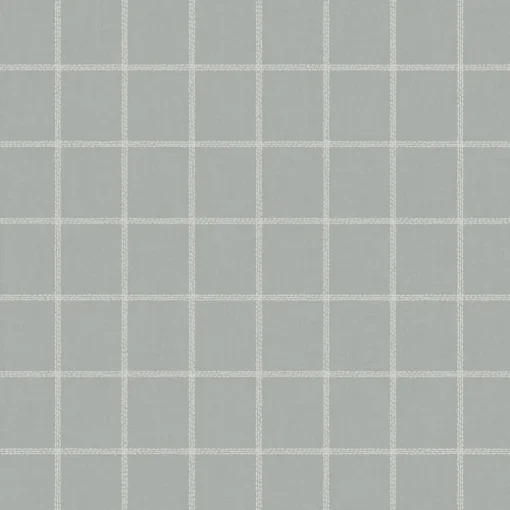 Magnolia Home Sunday Best Peel & Stick Wallpaper - Grey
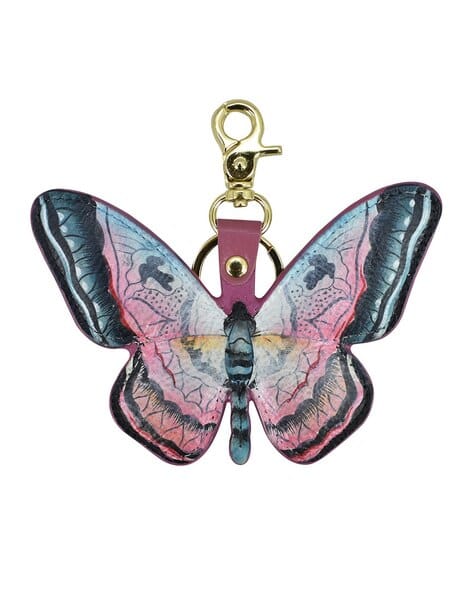 Buy Pink Travel Accessories for Women by Anuschka Online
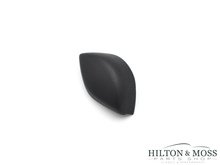 Lotus Elise S2 &amp; Exige S2 / S3 Upper Seatbelt Anchor Cover Image 1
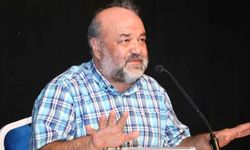 İlahiyatçı Eliaçık'tan Diyanet'e Fitre Tepkisi : "Galiba Bunlar Türkiye'de Yaşamıyor"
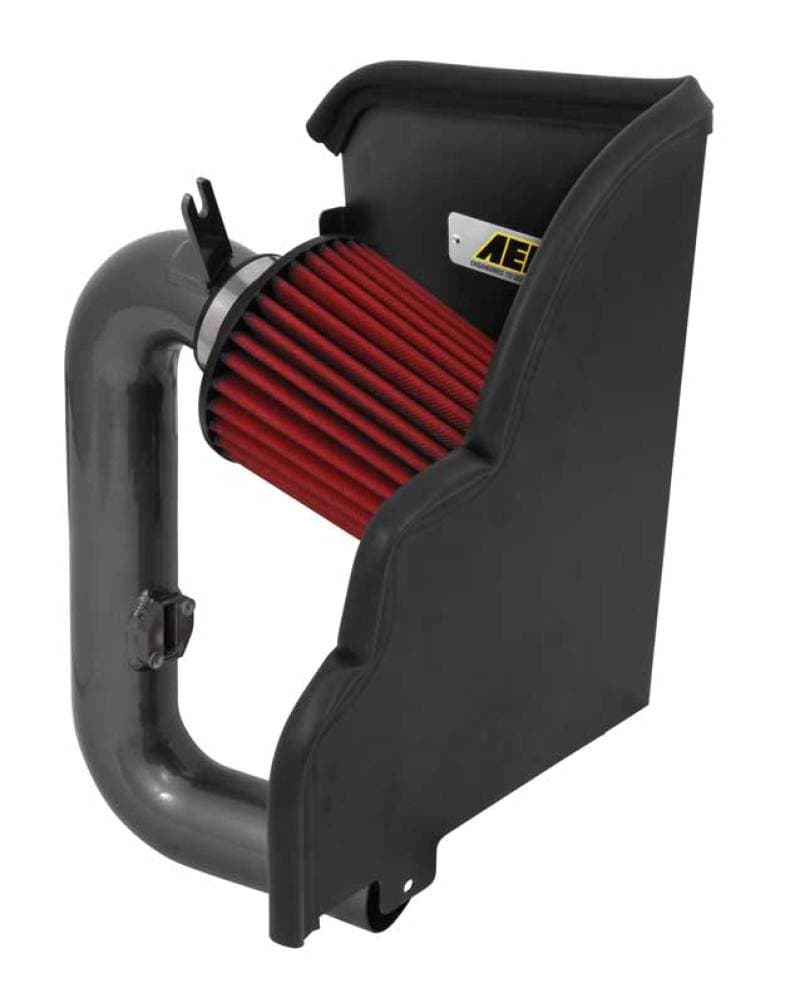 AEM Induction IND Cold Air Intakes - Image 3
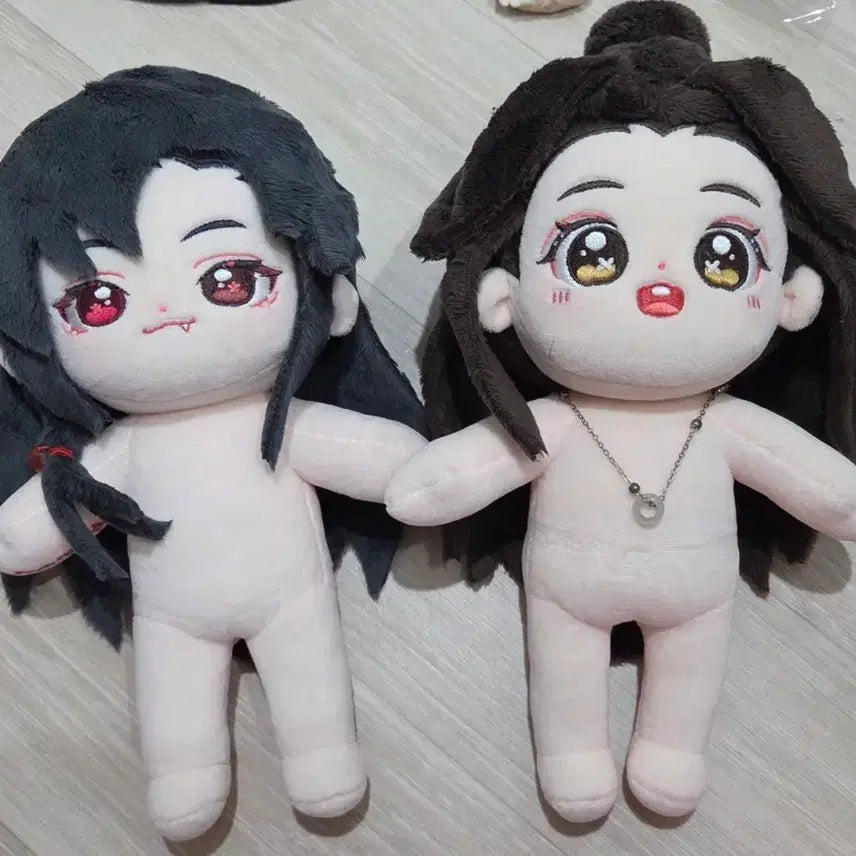[BUNJANG] Heaven Official&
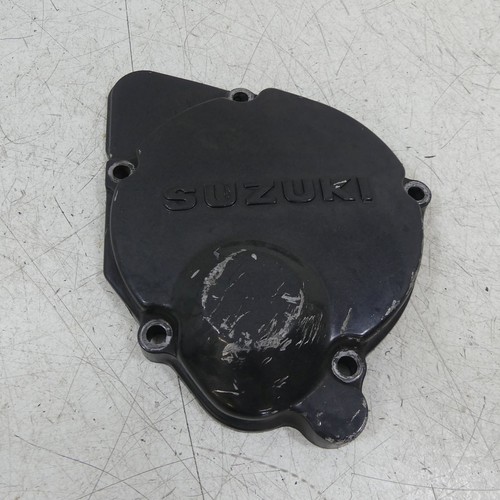 Suzuki gsf 1200 - suzuki, bandit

====

== Task objective ==
Only the lines from the beginning of the records up to and including the line with "Lotus Elise S2" should appear, exactly as they are, and no pictures.

== Answer space ==
 Magnolia Home Sunday Best Peel & Stick Wallpaper - Grey
 Buy Pink Travel Accessories for Women by Anuschka Online
 Lotus Elise S2 &amp; Exige S2 / S3 Upper Seatbelt Anchor Cover Image 1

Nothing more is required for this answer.